Below are gear lists from many of my past trips.

They do NOT necessarily represent what I would take today if I were to repeat the trip. In fact, it’s likely I’d make quite a few changes, especially in the case of gear lists from long ago (e.g. the Appalachian Trail in 2002), before I had really figured out how to backpack. I am continually learning from my experiences and improving my kit accordingly. I also incorporate the newest breakthroughs in product materials and design.

These gear lists are NOT suitable for all applications, conditions, people, or backcountry skill levels. You are responsible for determining their appropriateness in these regards, and for ultimately deciding what to carry into the backcountry. Backpacking can be dangerous; please be sure that your skills and equipment are adequate for the conditions you will encounter.

I provide these lists because they can be useful guides in developing your own gear kit. Learn from them, but please do not blindly follow them.

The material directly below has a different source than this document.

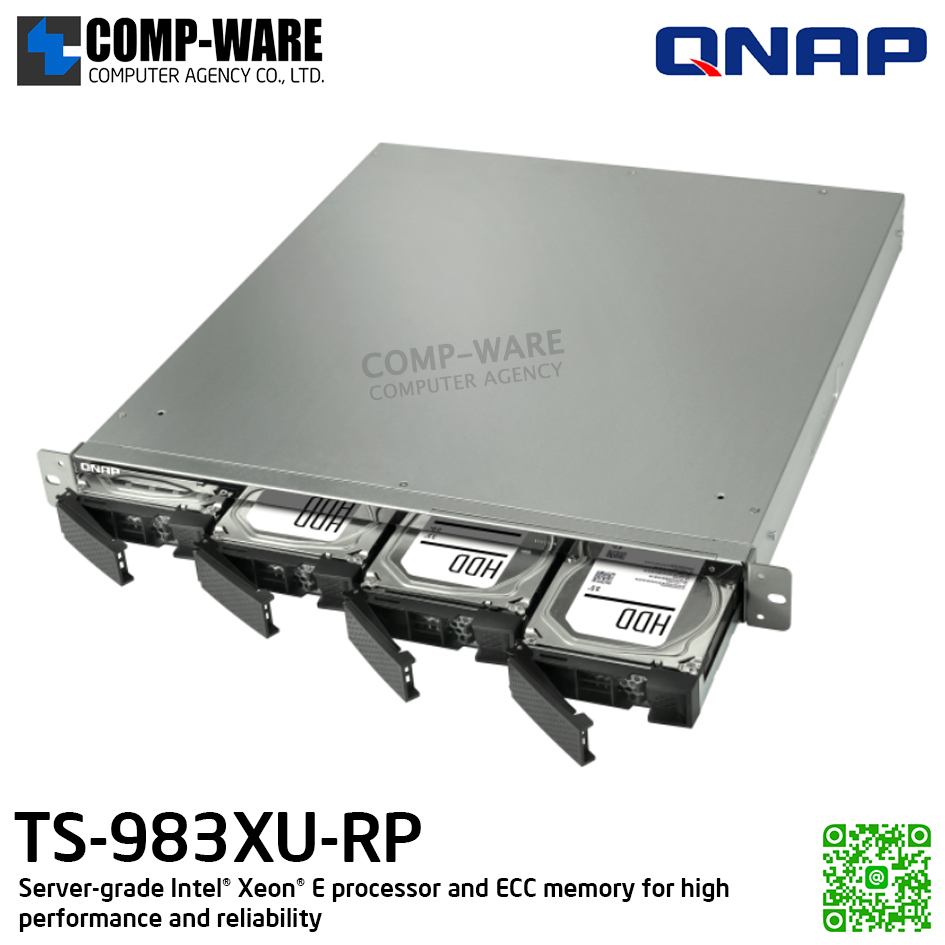 QNAP (1U 9-Bay) TS-983XU-RP-E2124-8G / Intel Xeon E-2124 (8Core) / 8GB UDIMM DDR4 ECC (2 x 4GB) / 4 x 2.5"/3.5" SATA 6Gbps + 5 x 2.5" SATA 6Gbps / 2 x GigaLan, 2 x 10GbE SFP+ SmartNIC / 300W Redundant PSU / 3Y Warranty , No HDD , No Rail Ki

20 Responses to Gear lists from past trips

  1. Richard January 8, 2013 at 10:28 am #

    I have your book and have read your gear lists but wanted to present this
    in hopes of getting a reply.
    I mainly section hike the Appalachian Trail (southern end) and since its winter
    was looking for a warmer mid layer.
    My search began at the Polartec website and ended with the ECWS Generation
    III jacket which can be found at some Army surplus stores for about $50.

    Go or no go?
    Thanks!

    • Andrew Skurka January 8, 2013 at 12:46 pm #

      My typical layering system for that location and time of year would be:
      * Active layers: L/S merino shirt + convertible pants + boxer briefs
      * Mid-layers: fleece vest or jacket depending on forecast
      * Shells: waterproof-breathable jacket, and pants depending on the forecast
      * Insulation: synthetic or water-resistant down insulation parka, and pants if I was expecting to spend a lot of time in camp
      * Sleeping clothes: L/S polyester or merino top + bottoms

      The ECWS jacket would work fine. It’s a run-of-the-mill fleece fabric but it’ll work fine. A premium fleece will be about 2x the price but it won’t offer 2x the performance.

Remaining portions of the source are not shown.